When investigators showed up at UMC’s offices early last year, the police said, some employees rushed to hide what they had taken from Micron. Mr. Wang and another former Micron employee gave laptops, USB flash drives and documents to an assistant engineer, who locked them in her personal locker. She then left the office with Mr. Wang’s phone — the one that the police had tapped, which was quickly tracked down.
UMC filed its own criminal complaint against Mr. Wang last year, which Taiwanese prosecutors rejected. Mr. Wang and other engineers who were charged said they had taken the trade secrets for personal research. Mr. Wang did not respond to emails and phone calls for comment.
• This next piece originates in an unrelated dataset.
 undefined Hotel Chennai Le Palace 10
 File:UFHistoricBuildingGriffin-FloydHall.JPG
In January, Micron was hit with a patent infringement suit by Jinhua and UMC over several types of memory. As part of the suit, the companies requested the court ban Micron from making and selling the products and pay them damages. The case is being heard by a court in Fujian Province. The Fujian provincial government is an investor in Jinhua.
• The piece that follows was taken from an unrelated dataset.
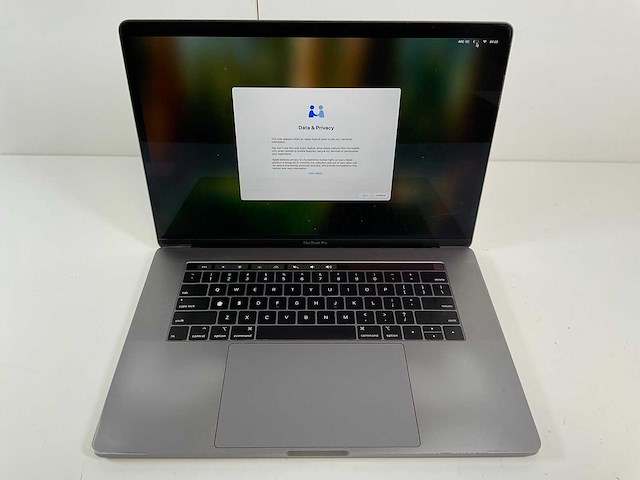 Apple macbook pro 15.4”, core(tm) i7 9th gen, 32 gb ram, 256 gb nvme laptop - afbeelding 1 van  7
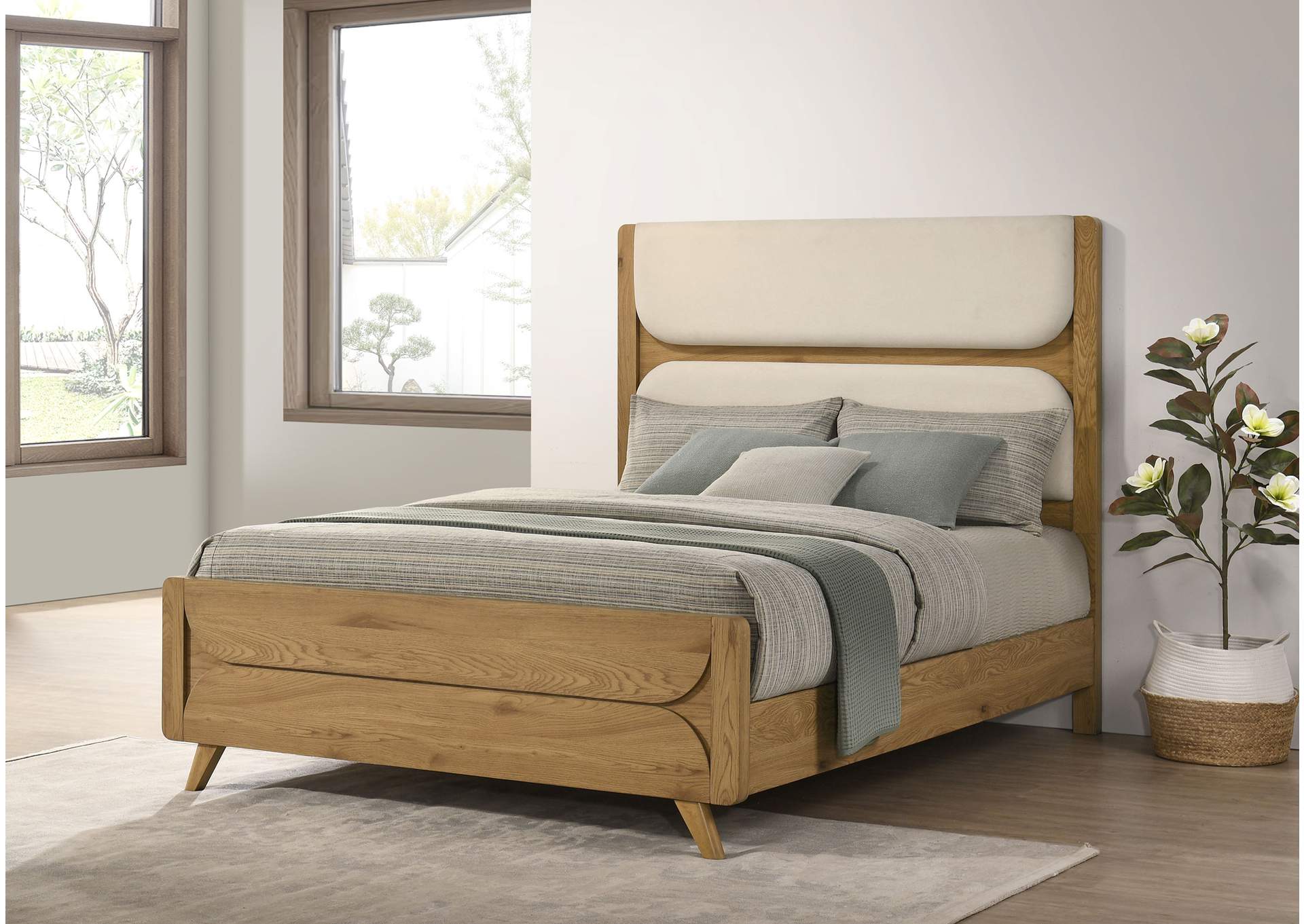 Bennett 63-inch Queen Upholstered Panel Bed Cream and Light Oak image 3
In a letter sent to President Trump, Senators James Risch and Mike Crapo, Republicans of Idaho, expressed concern about the entire case and specifically the rapid pace with which the patent lawsuit has proceeded. The case could block Micron from selling some products in China.
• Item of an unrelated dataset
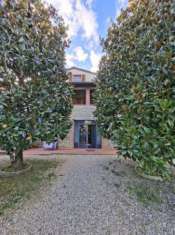 Foto COLONICA di 9 vani e di 270 mq (AREZZO) rif. PRA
“If the case against Micron moves forward, and the Chinese government once again rules in favor of itself, it would cause substantial damage to Micron and the U.S. tech industry as a whole,” said the letter, which was viewed by The New York Times.
In May, China’s market regulator opened a price-fixing investigation into Micron, along with South Korean memory makers SK Hynix and Samsung Electronics. Memory prices have jumped over the past year, because of spiking demand and limited production by the three companies, which dominate the market. Another China regulator, which has said it is also monitoring the price jump, also gave a multimillion-dollar grant to Jinhua.
Jinhua and other Chinese chip makers face hurdles in catching up. Production of semiconductors involves a highly complex and automated production process that controls everything down to the atomic level.